Klâsisizm, romantizm ve realizm birbirinden üstün akımlar değildir. Bu akımların her birinin dünya çapında başarı kazanmış eserlere sahip olduğu açıktır. Bir edebî akımın zirvede olduğu zamanlarda prensipler tartışılır, teoriler iyice yerleşir, yazarlar tarafından eserler iyice hazmedilir ve sonrasında yazılan eserlerin en çok beğenilenler olduğu görülür.
Klasisizm: Akıl ve sağduyuya önem vermiş, gerçeği ve doğayı akıl yoluyla incelemeye çalışmış, doğallığı ve gerçekliği temel almıştır.
Romantizm: Fransız İhtilali’yle ortaya çıkan hürriyet, demokrasi ve ferdiyetçilik kavramları “Romantizm”in yani yeni bir akımın doğmasına yol açmıştır. Avrupa’da 19. yüzyılın ilk yarısında klasisizme tepki olarak doğan, duygu ve hayali ön planda tutan, doğadaki ve toplumdaki karşıtlıkları, çelişkileri yansıtmayı, kişileri ve toplumsal çevreleriyle vermeyi amaç edinen bir edebiyat akımıdır.

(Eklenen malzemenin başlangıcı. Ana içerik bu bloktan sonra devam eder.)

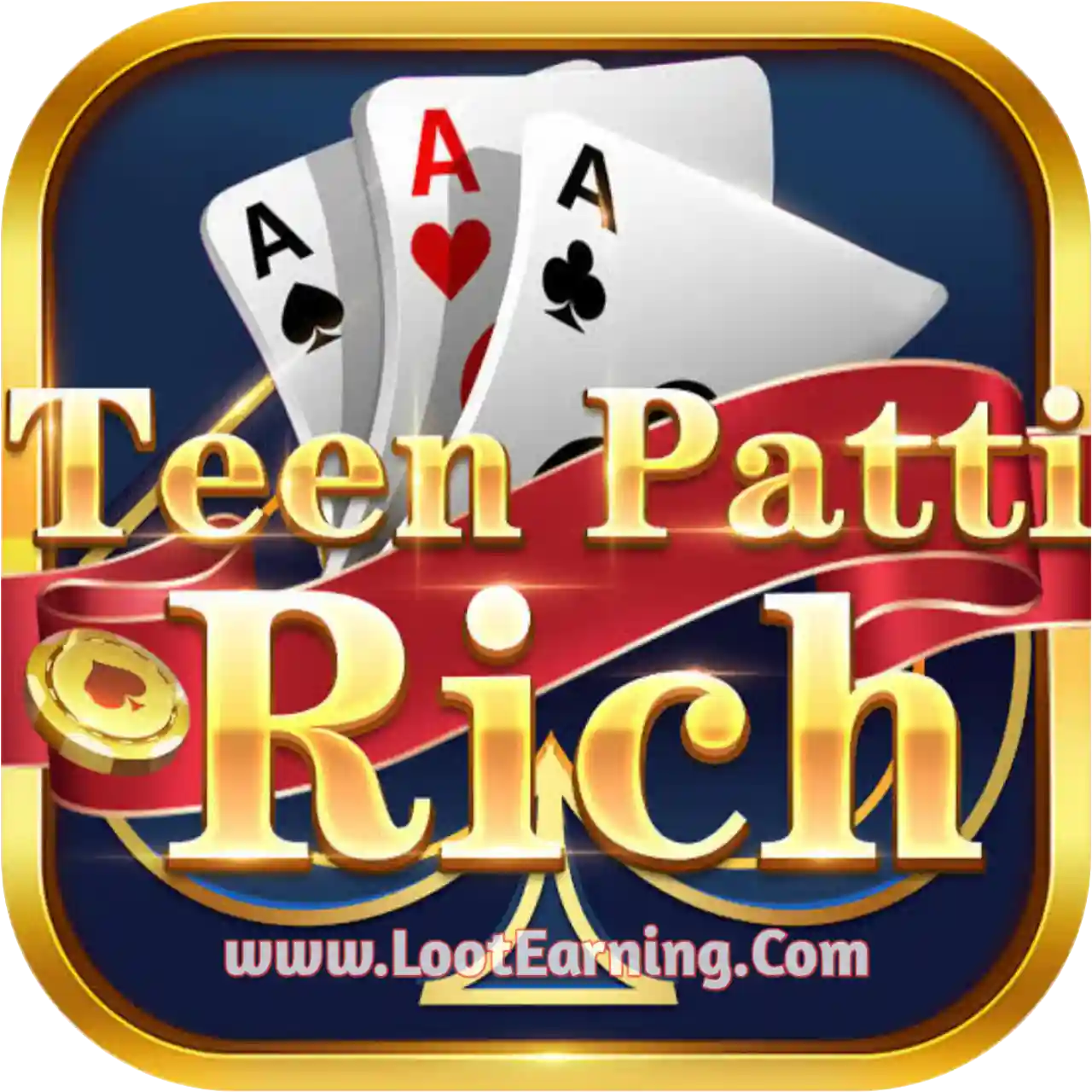 Teen Patti Rich App - Yono Rummy App Download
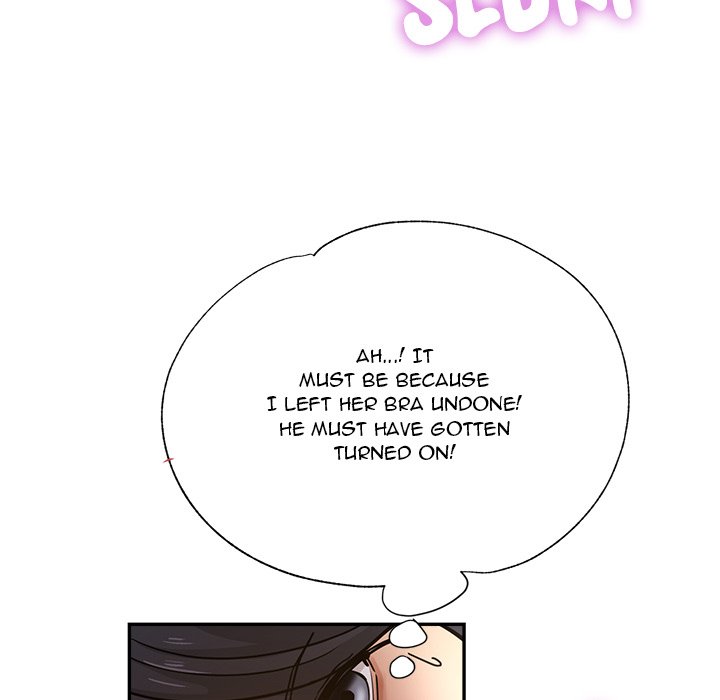 Stretched Out Love Chapter 9 image 38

Realizm: Realistler olağanüstü kişilere ve olaylara yer vermezler. Realist eserde konu her gün görülebilen basit olaylardır. Nadir vakalara, coşkun serüvenlere asla yer verilmez. Günlük hayatlar ve ruh halleri anlatılır. Hiçbir seçim yapılmadan, bayağı, çirkin, güzel, basit veya alelade olaylar anlatılır. Okuyucuyu duygusallığa sevk edecek, hayal dünyasına sürükleyecek olayları işlemekten kaçınılır.